# To do:
Below are the records; return every line from the one that contains "Фото 7 - Kia KX3" to the last, exactly, skipping the pictures.

Short text fragments from websites

=== Section Start ===

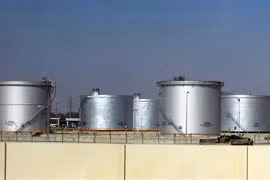 Các bể chứa tại cơ sở lọc dầu thuộc Công ty Saudi Aramco ở thành phố Dammam, cách thủ đô Riyadh (Arab Saudi) khoảng 450km về phía Đông. Ảnh: AFP/TTXVN)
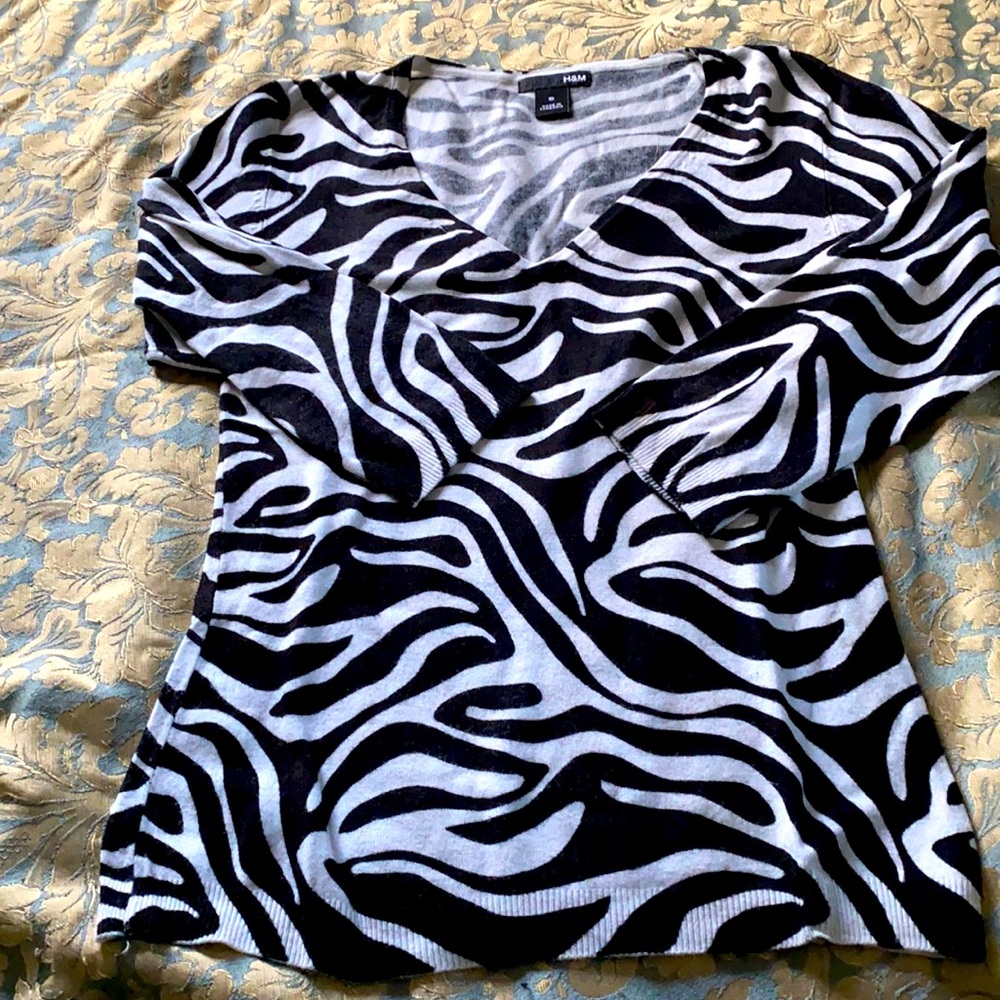 H&M 3/4 sleeves light sweater.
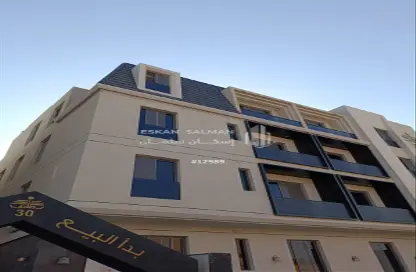Apartment - 5 Bedrooms - 3 Bathrooms for sale in Al Munisiyah - Riyadh - Ar Riyadh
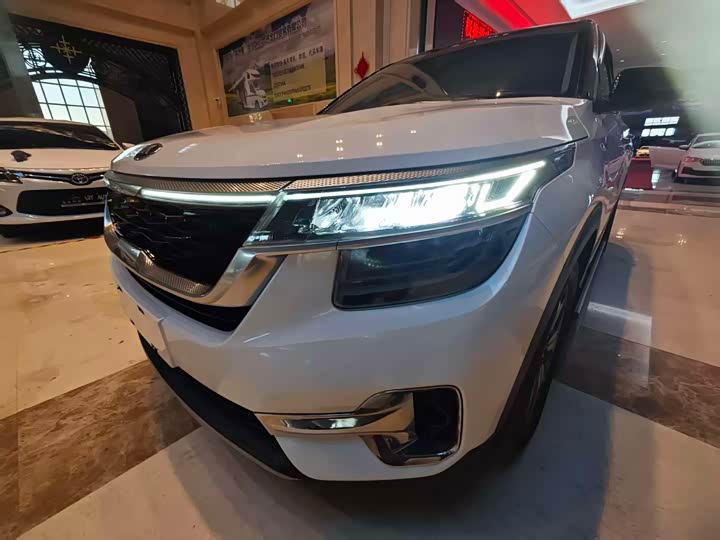 Фото 7 - Kia KX3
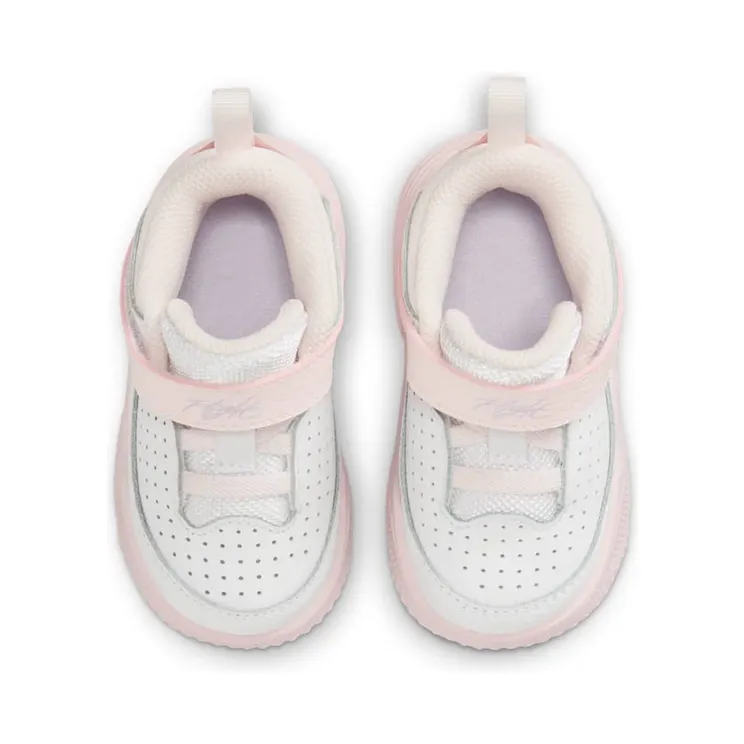 air-jordan-max-aura FD8791-100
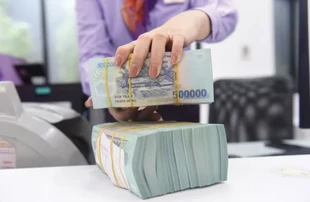 Hút ròng hơn 2.500 tỷ khỏi hệ thống, vì sao lãi suất ngân hàng vẫn tăng cao?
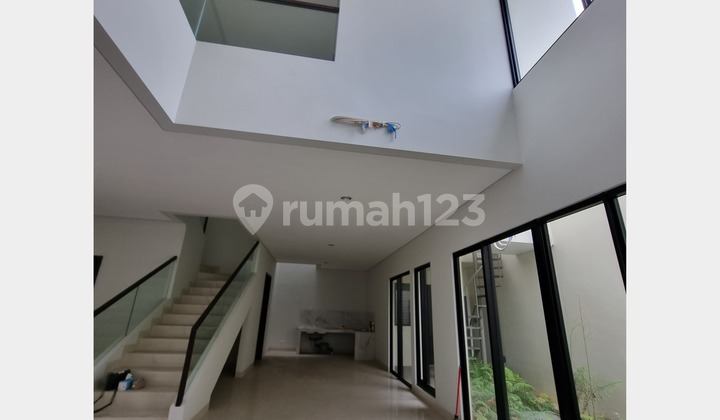 Rumah Lux Minimalis Modern di Summarecon Bandung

=== Section End ===

# Result:
 Фото 7 - Kia KX3
 air-jordan-max-aura FD8791-100
 Hút ròng hơn 2.500 tỷ khỏi hệ thống, vì sao lãi suất ngân hàng vẫn tăng cao?
 Rumah Lux Minimalis Modern di Summarecon Bandung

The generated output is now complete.